Look through the records below for the line with "Gamer Procrastimode de" and the line with "Earth Globe Design", then return those lines and all lines between, exactly.

▶ Records for the task:
┏━━

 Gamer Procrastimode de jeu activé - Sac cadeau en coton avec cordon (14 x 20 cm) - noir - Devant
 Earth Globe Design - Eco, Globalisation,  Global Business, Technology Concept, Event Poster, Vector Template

┗━━
┏━━

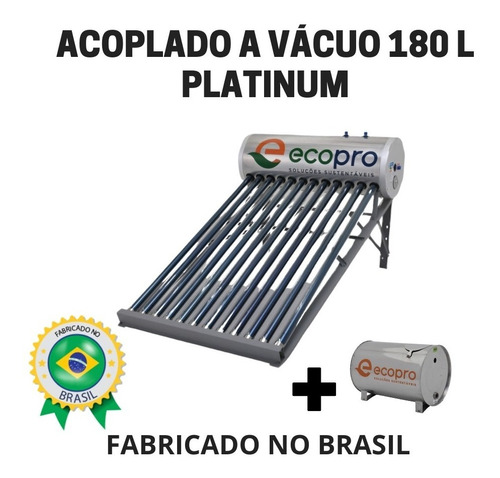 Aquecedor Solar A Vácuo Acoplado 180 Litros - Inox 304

┗━━

▶ Written answer:
 Gamer Procrastimode de jeu activé - Sac cadeau en coton avec cordon (14 x 20 cm) - noir - Devant
 Earth Globe Design - Eco, Globalisation,  Global Business, Technology Concept, Event Poster, Vector Template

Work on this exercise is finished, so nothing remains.